三無主義

 ~ディスパレートな日々~   耶馬英彦

コンサート「わが麗しき歌物語 Vol.2 〜岩谷時子とクミコの歌たち〜」

2019年07月07日 | 映画・舞台・コンサート

 六本木のEXTHEATERのクミコのコンサート「わが麗しき歌物語 Vol.2 〜岩谷時子とクミコの歌たち〜」に行ってきた。
 今回も覚和歌子さん作詞Barbara作曲の「わが麗しき恋物語」を披露してくれたが、いつもの調子ではなかった。聞くたびに泣ける歌だったのに、今回は泣けなかったからだ。クミコの喉が衰えるとは思わないので、風邪を引いたのかもしれない。
 しかし舞台に覚和歌子さんがゲストで登場するなど、いつも通りの舞台になった。覚和歌子さんは、他にも木村弓が歌った「いつも何度でも」の作詞家としても有名だ。主題歌に採用された映画「千と千尋の神隠し」は大ヒットした。
 相変わらず観客の殆どは年配女性である。日本のシャンソンは越路吹雪や岸洋子以来の根強いファンが支えているのだろうが、ファンも歳を取る。若い人にも訴えるシャンソンのあり方が模索される時代であるが、一方でエディット・ピアフやダミアは根強い人気がある。クラシック音楽並みの人気だと考えていい。
 クラシックが好きな若い人が多いように、シャンソン好きな若い人がたくさんいるであろうことを願う。シャンソンのには人生があると思う。


映画「COLD WAR あの歌、2つの心」

2019年07月07日 | 映画・舞台・コンサート

 映画「COLD WAR あの歌、2つの心」を観た。
 https://coldwar-movie.jp/

 恋愛はいつの世も相手に対する性欲と相手を受け入れる寛容さと相手に受け入れられる充足感の相乗効果だが、それをストレートに表現するのは意外に難しい。エディット・ピアフのシャンソン「Hymne a l’amour」は恋愛の究極の形を表現した歌である。二人でいられるなら地球もいらない、自分の命さえいらないという鮮烈な歌詞だ。そして本作品のズーラとヴィクトルはまさにそれを地で行く。既存の価値観にとらわれない愛は、相手に嘘をつく必要がない。相手に男ができても女ができても結婚しても、そんなことは関係がない。世界の果てまで一緒にいるのだ。
 庶民ができない大胆で勇気のある生き方をする登場人物。まさに映画の醍醐味である。白黒の作品だから尚更そう感じるのかもしれないが、兎に角役者の演技が抜群に上手い。ズーラを演じたヨアンナ・クーリグは歌もうまいし、小柄で胸の大きな男好きのする体はこの作品にぴったりだ。対して長身痩躯のトマシュ・コットはクーリグの5歳上で実年齢的にもちょうどいいカップルである。このふたりはキスをしてもセックスをしても、ふたりでただ歩いているだけでも、何をしても絵になる。

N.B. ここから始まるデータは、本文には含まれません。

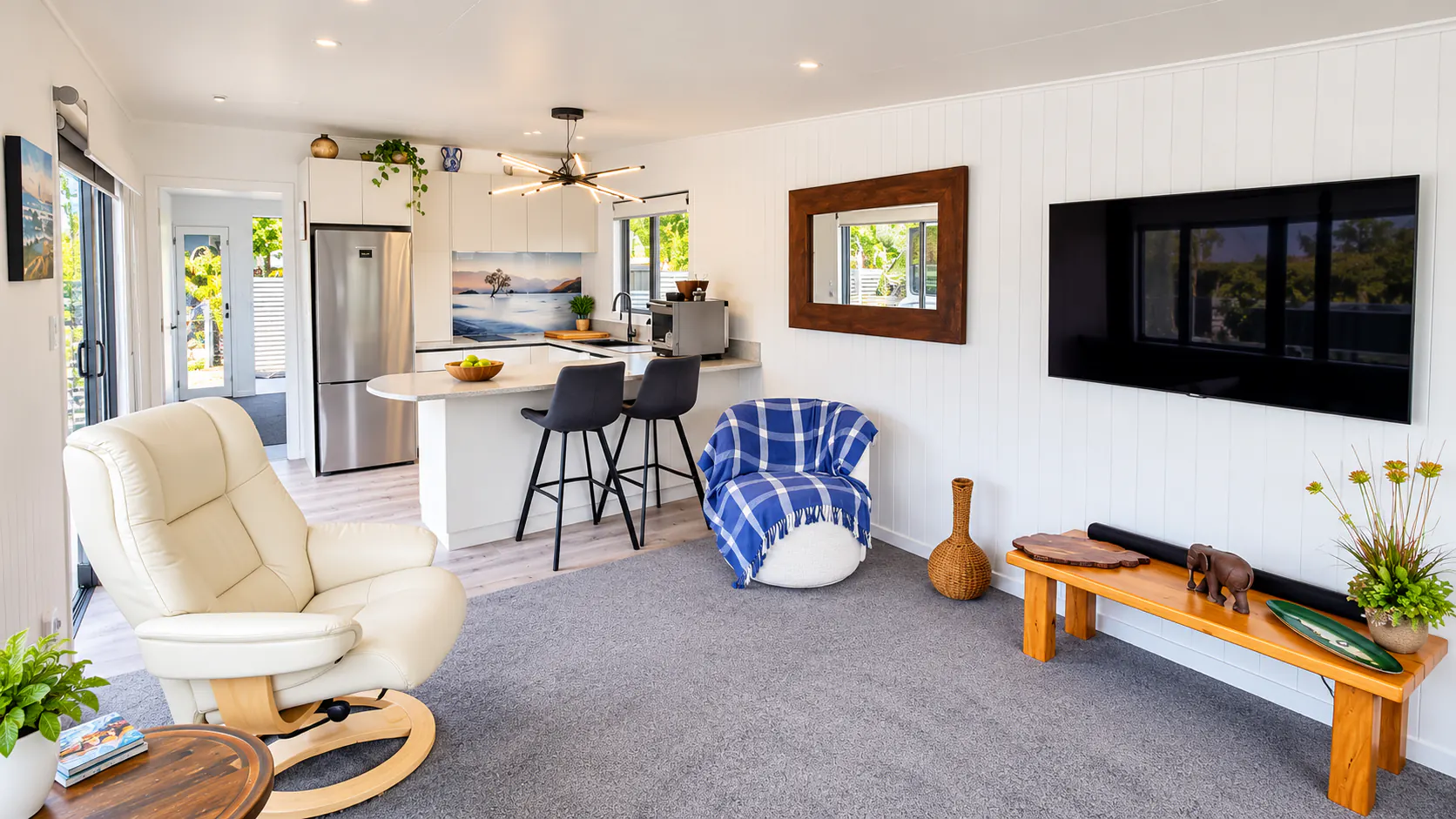 tiny home living area scandinavian style bethany park kaiteriteri nz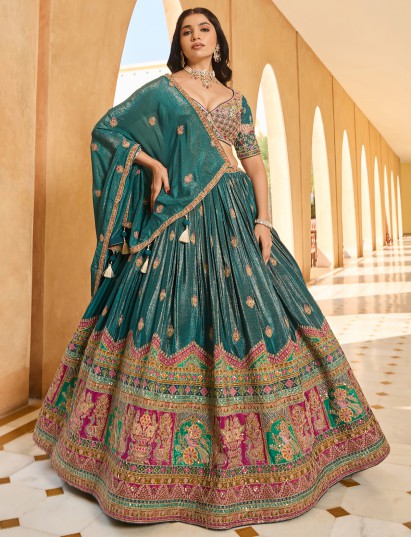 Emerald elegance rama green silk wedding wear lehenga choli for women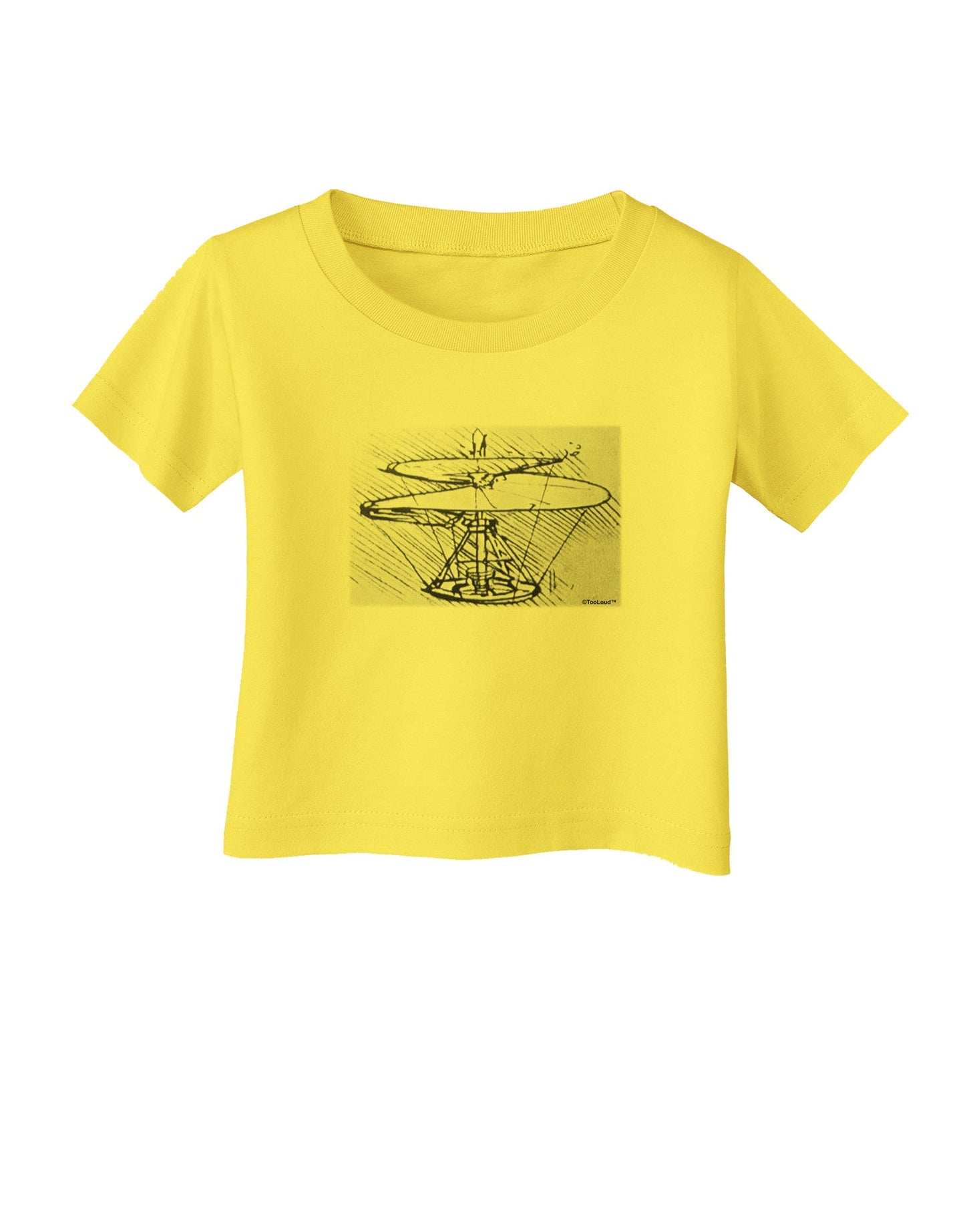 Helicopter Sketch Infant T-Shirt-Infant T-Shirt-TooLoud-Yellow-06-Months-Davson Sales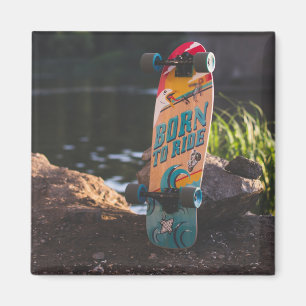 Geboren zu fahrende Skateboard Magnet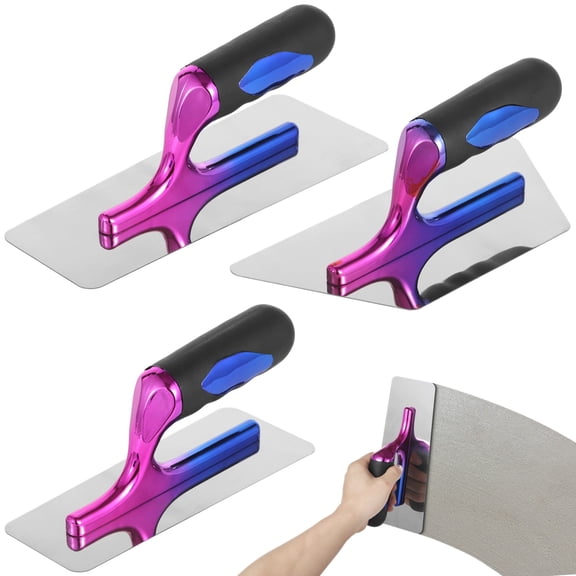 3 PCS Stainless Steel Plaster Trowels, Drywall Trowel, Ergonomic Handle Art Painting Finishing Tool, Venetian Plaster Tools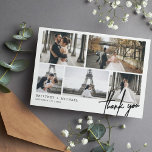 Handbevarad modern fotosamling tack kort<br><div class="desc">Tack till gästerna med det här moderna fototacket som du har kort med handskrivet "tack".</div>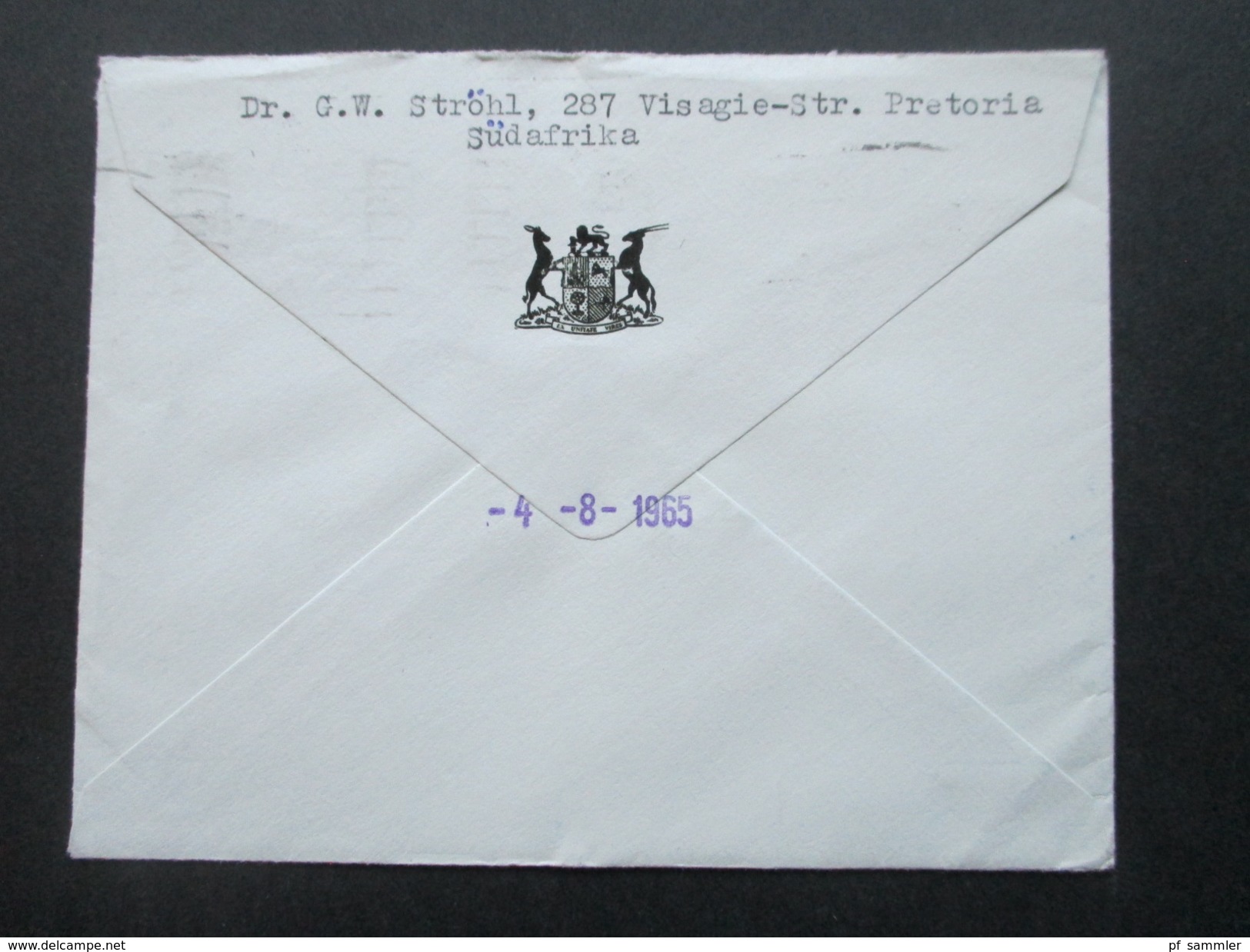 Südafrika 1965 Social Philately Brief An Den Präsidenten Der BRD Heinrich Lübke! Pretoria - Bonn - Brieven En Documenten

 東西の冷戦はヨーロッパ、特に東側の諸国にとっては苛酷な生活を強いられる時代であったと思う。1980年にソ連からヨーロッパを旅行した人の話では、東側は貧しくてホテルの設備は酷いし、食べ物も全部不味かったそうだ。そして西ドイツに入ってビールを飲んでソーセージを食べたときには、はからずも資本主義バンザイと思ってしまったらしい。
 能力に応じて労働し、必要に応じて消費する共産主義の理念はいいが、権力者の腐敗によって再配分が機能していなかったのだ。1980年当時でもそうだったのだから、本作品の主人公たちが生きた1950年代は更に厳しかったと思われる。
 冷戦は経済的な格差の他に、文化的な格差も生んでいる。共産主義は日本の戦前の軍国主義と同じ全体主義のひとつで、国家の価値観によって国民の活動を束縛するものであるから、多様な価値観を許さない一元論になる。必然的に指導者の権威と権力が絶対的なものとされてしまい、あらゆる芸術は行く手を阻まれて花を咲かさない。勿論庶民の生活は限定され不自由になる。
 しかし主人公たちはそんなことを物ともせず、ただ愛だけを貫く。ふたりの愛が時間の経過にも少しも冷めないのは、どの別れも互いの意志ではなく、時代に引き裂かれた別れだったからだろう。引き離されるほど恋い焦がれるのだ。出会いと別れを繰り返すふたりはそのたびに愛が深くなっているように見えた。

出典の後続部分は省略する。